* _Exercise goal_
Beginning with the line that contains "TP-Link Tapo C615G", transcribe every line through the end of the entries exactly as written, and reproduce nothing else.

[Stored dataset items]
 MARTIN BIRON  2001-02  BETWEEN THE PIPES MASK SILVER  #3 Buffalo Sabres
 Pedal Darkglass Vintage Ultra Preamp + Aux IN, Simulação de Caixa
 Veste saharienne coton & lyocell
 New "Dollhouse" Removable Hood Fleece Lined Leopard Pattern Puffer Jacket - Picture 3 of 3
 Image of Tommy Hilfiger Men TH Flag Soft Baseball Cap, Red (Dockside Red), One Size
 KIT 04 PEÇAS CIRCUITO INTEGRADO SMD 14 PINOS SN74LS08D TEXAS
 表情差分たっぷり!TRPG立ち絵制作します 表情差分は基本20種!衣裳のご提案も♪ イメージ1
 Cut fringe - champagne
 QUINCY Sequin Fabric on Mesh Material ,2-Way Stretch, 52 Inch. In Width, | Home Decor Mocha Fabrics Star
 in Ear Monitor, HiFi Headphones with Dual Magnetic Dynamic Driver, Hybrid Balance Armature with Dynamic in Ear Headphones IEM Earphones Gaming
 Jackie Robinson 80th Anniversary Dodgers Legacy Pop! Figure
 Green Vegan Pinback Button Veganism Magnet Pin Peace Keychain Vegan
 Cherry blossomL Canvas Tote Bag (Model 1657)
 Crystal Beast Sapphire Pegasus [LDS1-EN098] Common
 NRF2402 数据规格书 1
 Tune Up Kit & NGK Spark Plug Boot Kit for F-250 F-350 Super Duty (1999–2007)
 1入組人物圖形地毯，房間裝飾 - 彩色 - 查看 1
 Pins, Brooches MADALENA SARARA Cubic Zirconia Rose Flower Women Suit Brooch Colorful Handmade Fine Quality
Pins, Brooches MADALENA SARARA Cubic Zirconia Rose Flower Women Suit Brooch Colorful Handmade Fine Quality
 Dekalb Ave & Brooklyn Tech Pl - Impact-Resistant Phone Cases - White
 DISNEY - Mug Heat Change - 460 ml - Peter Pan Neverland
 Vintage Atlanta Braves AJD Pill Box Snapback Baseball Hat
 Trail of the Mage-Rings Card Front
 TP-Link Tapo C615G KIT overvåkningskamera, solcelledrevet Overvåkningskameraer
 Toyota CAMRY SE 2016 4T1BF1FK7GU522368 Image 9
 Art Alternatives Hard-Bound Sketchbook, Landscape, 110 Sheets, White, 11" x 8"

* _Exercise response_
 TP-Link Tapo C615G KIT overvåkningskamera, solcelledrevet Overvåkningskameraer
 Toyota CAMRY SE 2016 4T1BF1FK7GU522368 Image 9
 Art Alternatives Hard-Bound Sketchbook, Landscape, 110 Sheets, White, 11" x 8"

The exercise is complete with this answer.